Das ist natürlich stark verkürzt. So wie Balser/Brauchmüller auch immer heftig raffen, um einen Punkt zu machen. Und oft zu dem meuchelnden Argument greifen, die Globalisierungskritiker hätten unrecht, gerade weil sie ein paar mal gewonnen hätten. Erfolgreiche Kampagnen von Greennpeace (etwa gegen Duponts Versuch, Mais zu patentieren) zeigten doch, dass der böse Kapitalismus gerade globalisiert zu regeln sei, mithin bloß eine Art Flugblatt-Tiger.
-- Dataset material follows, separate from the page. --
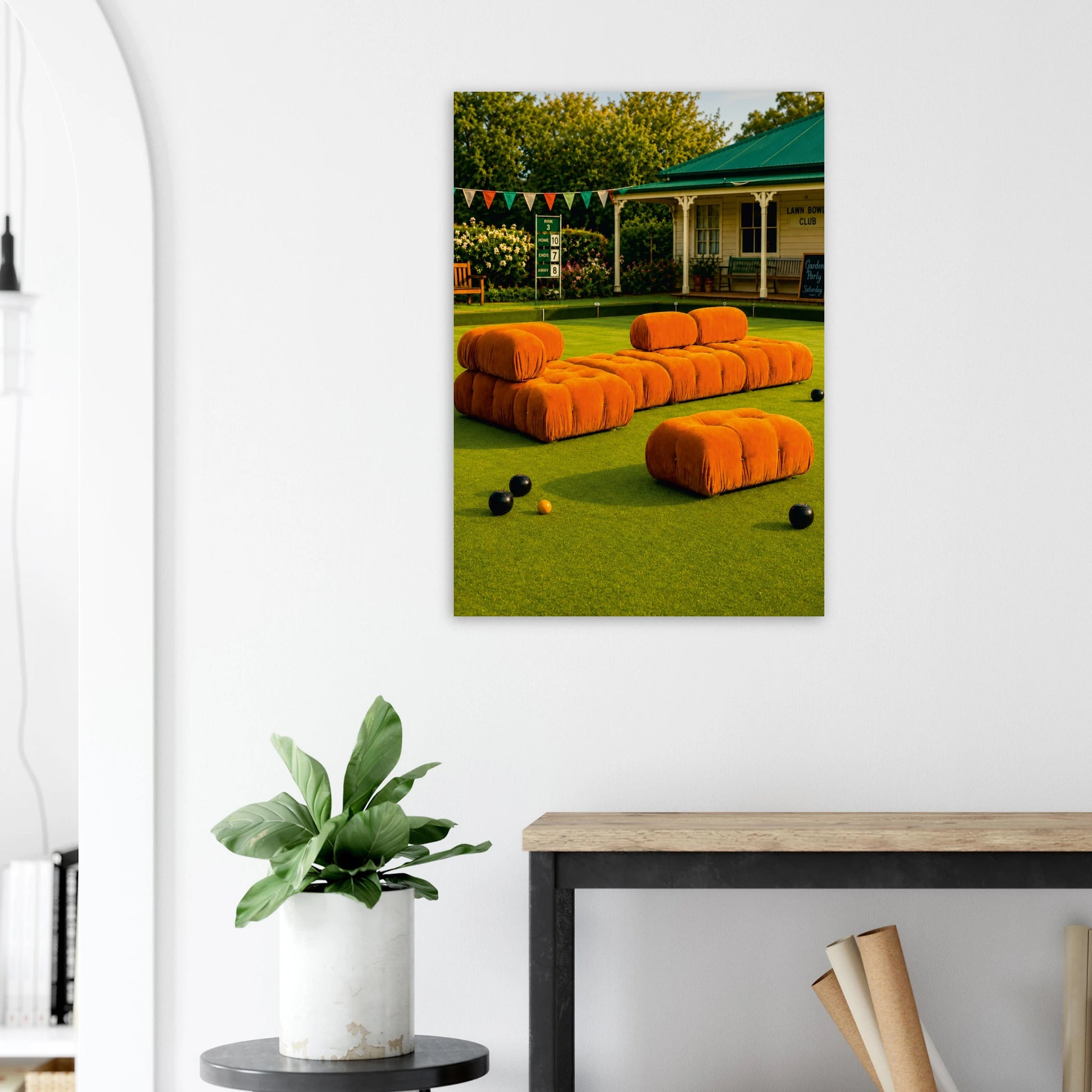 A vertical wall art print depicting an outdoor patio scene with bright orange modular seating on a green lawn, displayed on a white wall above a console table with a potted plant.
Andersrum: die moralisch scheinbar "besseren" Unterdrückten finden westliche Umweltstandards oft wirtschaftlich untragbar - und prompt verwickeln sich die moderaten Neo-Liberalisten in Widersprüche. Eigentlich meinen sie: ordentlicher Welthandel sei eine Chance, keine Garantie für "Wohlstand für alle". Und obwohl sie immerzu faktenreich schnöselig auf den Attac-Elan als hippiehaft einschlagen, bestätigen sie damit dessen Grundidee: nicht ideologisch Freund und Feinde festlegen, sondern die wirklichen Interessen aller Marktteilnehmer berücksichtigen. Nicht Welthandel verbieten, sondern fair gestalten.
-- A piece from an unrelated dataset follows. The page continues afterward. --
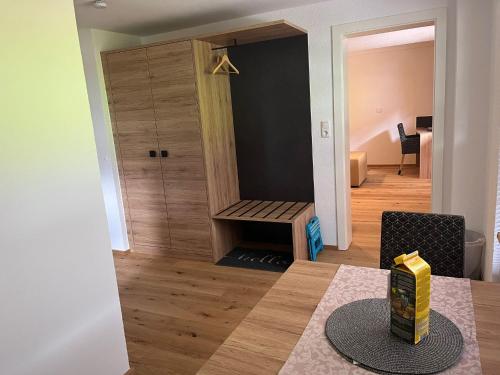 a dining room with a table and a room with a closet at Ferienwohnungen Fellhornblick in Riezlern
Die Form des Buches läuft seiner inneren Absicht allerdings entgegen. Die Autoren widerlegen nicht eine Kritik-Ideologie mit Fakten (sie sind wohl zu jung um zu wissen, dass Ideologieen nie mit Fakten, nur mit Kritik zu schlagen sind). Sie beweisen viel mehr bloß, dass eine gute Globalisierung besser wäre als gar keine. Balser/Bauchmüller sollten lieber ATTAC-Mitglieder werden, als auf tumbe Partikular-Interessenten auch unter den Anti-Globulisten herumzureiten. Und sie sollten ihre eigene unverstandene Ideologie kritisieren. Dem "Neger" anzutragen, er solle sich nicht unvernünftiger verhalten als seine gerade verjagten weißen Herren, wirkt sonst eher zynisch als naiv. Und dem Konsumenten hier einzureden, mit dem Kauf von "korrekten" No-Logo-Waren zementiere er gerade ungerechte Verhältnisse, ist schon fast bösartig vereinfachend.
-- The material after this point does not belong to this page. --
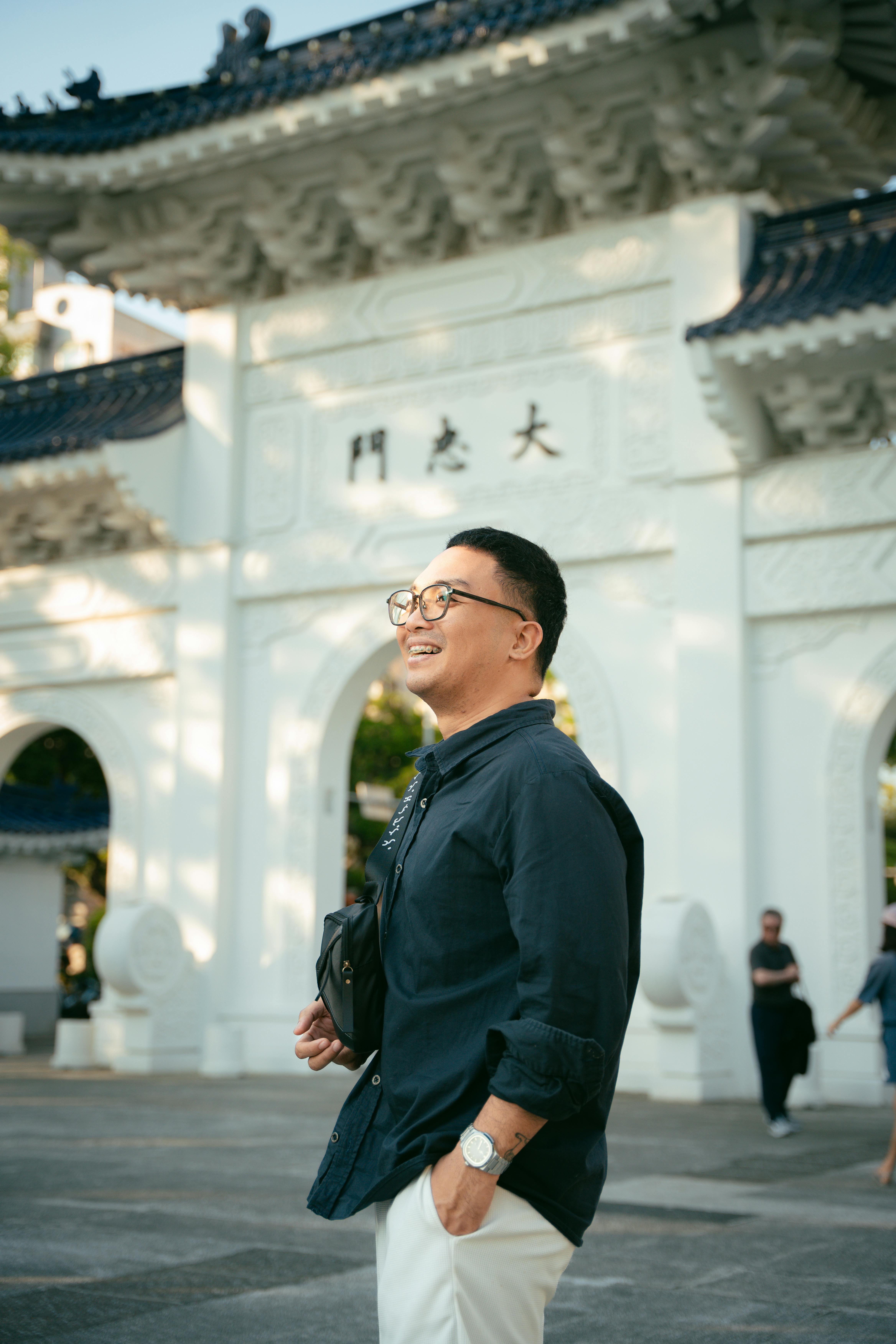 A man smiles in front of a traditional Asian architectural entrance, enjoying a sunny day.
Sie sagen es nicht, aber sie müssen es eigentlich meinen: solange eine Kuh in Deutschland 100 mal mehr Subventionen kriegt als ein Kuh-Hirte in Somalia, ist der freie Welthandel eine Farce. Und sie sagen es immerhin in Nebensätzen: alle Weltwirtschafts-Organisationen haben sich bisher an Marktgesetzen und Menschenrechten vergangen; erst langsam lernen gute globale Unternehmen, dass Fairness länger währt als Kolonialismus; und am Ende stimmen sie in der Analyse der Weltwirtschaft mit ihren Gegnern überein: kein Entwicklungsland darf ungeschützt globalisiert werden, kein Unternehmen schrankenlos operieren. Die genaueren Durchführungsbstimmungen passen auf kein Plakat, zugegeben, aber in diesem Buch stehen sie auch nicht.